You tell me there's another earth out there, and, yeah, that's interesting, but frankly, it just means another planet full of mildew and allergies and some invariably awful ailment never before seen by humanity. Probably something involving the bowels in some traumatic fashion. It always seems to be the bowels.
(Wanna' know why I can't take Star Trek seriously? Reason # 426: No one ever gets the Hershey Squirts. Think about that. Think about the time you went to Mexico and drank the water. Think about the time you got bad clams at Red Lobster. Think about that one time you just kind of inexplicably came down with the cruds for no good reason, and spent three days with the sluices open at both ends. Think of how EASY it is to have something awful happen in your down-below areas, and then ponder the fact that no one in the entire 40 year history of Trek has *EVER* gotten the trots.)

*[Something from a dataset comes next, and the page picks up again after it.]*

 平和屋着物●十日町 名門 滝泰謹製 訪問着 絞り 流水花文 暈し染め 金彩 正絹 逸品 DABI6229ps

Realistically, if I wanted to deal with animals and bad smells and weather and earthquakes and crap, I really wouldn't want to leave earth in the first place, now would I? Thus the idea of leaving our fairly miserable planet, which at least has some nice theme parks, and heading to some other fairly miserable planet just like ours, but *without* theme parks, doesn't have much appeal. Planets are for chumps. When people say, "Well, we need a planet to live on," you just look down your nose at them and say "You haven't really thought this through, have you, Picard. Planets are what we're here to rise above." It's a shame the way budgetary concessions end up shaping people's views of science and reality.
Anyway: As yet, Life has not been discovered anywhere else in the universe, apart from our little world. Most people assume life elsewhere is probably, however, and that proof will turn up any day. Public opinion (Post-Star Wars) is that life is everywhere, and aliens are real. Public opinion pre-Star Wars was just the opposite. "Aliens? Are you crazy? You need a good beating, my friend!"

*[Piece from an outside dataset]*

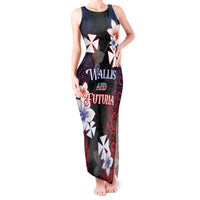 Wallis and Futuna Uvea Tank Maxi Dress Victory Day With Frangipani LT05 Women Black - Polynesian Pride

As it happens, life elsewhere in the universe may be *much* rarer than previously thought. Life is, in large part, based on the interactions of Carbon and Oxygen. Well, we've been finding lots and lots of Carbon in space, but surprisingly little Oxygen.
This is actually kind of interesting. WHY is there so little O2 out there? According to our (Somewhat theoretical) models on such things, there should be plenty, but if so, where is it going? The answer may surprise you:
It appears that the Carbon is gobbling it up and turning it into Carbon Monoxide. That's right: poisonous exhaust like out of your car. Evidently once the cycle starts, the Carbon starts grabbing the Oxygen, and it doesn't stop until all the Oxygen has been used up. If this is the case, and it appears to be, then the likelihood of worlds that can support life just became vastly, vastly smaller.
It doesn't rule it out entirely - we're here, after all - but what it basically means is that even if you had a planet that had the same exact conditions as earth over the last couple billion years, you'd likely only end up with a planet of smog.